Brief Course Description

This is a year-long seminar on the general topic of sparse approximation, focusing on two central models of sparse approximation: combinatorial group testing, and compressive sensing. The topics are chosen partly to fit the (research) interests of the instructors.

  1. (Fall 2011) Combinatorial group testing and applications. The basic setting of the group testing problem is to identify a subset of "positive" items from a huge item population using as few "tests" as possible. The meaning of "positive", "tests" and "items" are dependent on the application. For example, dated back to World War II when the area of group testing started, "items" are blood samples, "positive" means syphilis-positive, and a "test" contains a pool of blood samples which result in a positive outcome if there is at least one sample in the pool positive for syphylis. This basic problem paradigm has found numerous applications in biology, cryptography, networking, signal processing, coding theory, statistical learning theory, data streaming, etc. In this semester we introduce group testing from a computational view point, where not only the constructions of group testing strategies are of interest, but also the computational efficiency of both the construction and the decoding procedures are studied. We will also briefly introduce the probabilistic method, algorithmic coding theory, and several direct applications of group testing. We will also cover variations of group testing and their applications. The techniques we cover here will also be useful in compressive sensing which is covered in the next seminar.
  2. (Spring 2012) Compressive sensing is based on the idea that many signals can be represented with only a few non-zero coefficients (under a suitably chosen basis). These signals can be "measured" using relatively few linear measurements and can be reconstructed from the measurement vectors efficiently. This paradigm has found numerous applications in signal processing, data streaming, image processing, and so forth. In this part of the seminar we shall cover the basics of compressive sensing, from efficient measurement matrix constructions to efficient signal reconstruction. Lowerbounds with interesting connections to communications complexity are also covered.

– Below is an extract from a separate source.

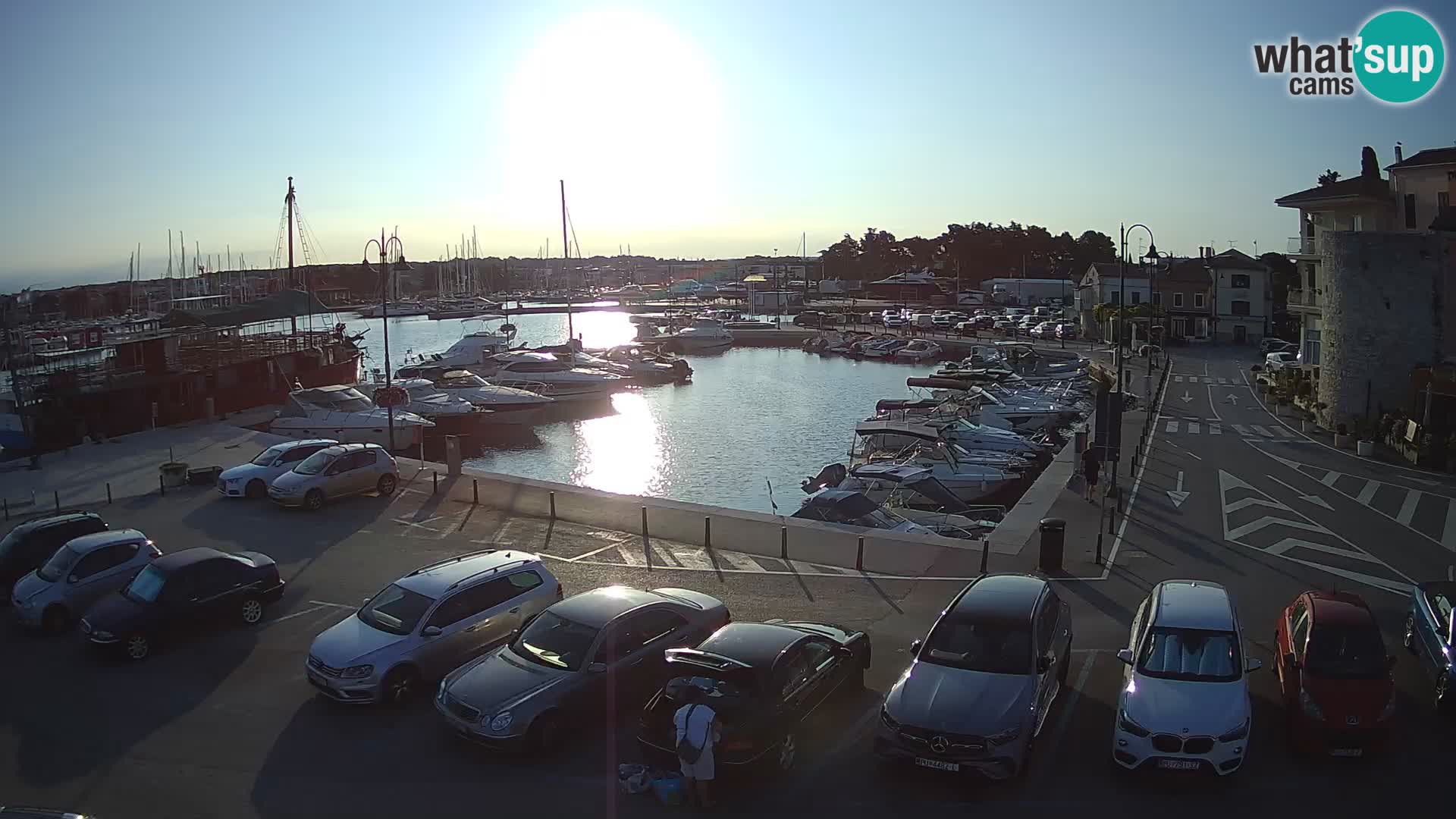 Novigrad | Porporela marina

  • Hung Q. Ngo ( hungngo [at] buffalo )
    • Office hours: 9-10am, Mondays and Wednesdays, 238 Bell.
  • Atri Rudra ( atri [at] buffalo )
    • Office hours: by appointment


Basic knowledge of probability theory. (We assume that you have studied some introductory probability course/book before.)

Work Load

Students are expected to participate in class, and make at least one presentation. Instructors will assign the topic and material to be presented. No A/F grade will be given, only S/U grades.

Some reference materials (you're not required to purchase any book):

  • Hung Q. Ngo, Ely Porat, and Atri Rudra, ``Efficiently Decodable Error-Correcting List Disjunct Matrices and Applications,'' in Proceedings of The 38th International Colloquium on Automata, Languages and Programming (ICALP 2011), July 04 -- 08, 2011, Zurich, Switzerland.
  • Piotr Indyk, Hung Q. Ngo, and Atri Rudra, ``Efficiently Decodable Non-adaptive Group Testing,'' in Proceedings of the 20th Annual ACM-SIAM Symposium on Discrete Algorithms (SODA 2010), Austin, Texas, Jan 17-19, 2010.
  • Ding-Zhu Du and Frank Hwang, Combinatorial Group Testing and Its Applications (Applied Mathematics)
  • Hung Q. Ngo, and Ding-Zhu Du, A Survey on Combinatorial Group Testing Algorithms with Applications to DNA Library Screening, in Discrete mathematical problems with medical applications (New Brunswick, NJ), 171--182, DIMACS Ser. Discrete Math. Theoret. Comput. Sci., 55, Amer. Math. Soc., Providence, RI, 2000. [ pdf ]. This survey is very old, and becoming irrelevant. A new survey will come out soon, hopefully!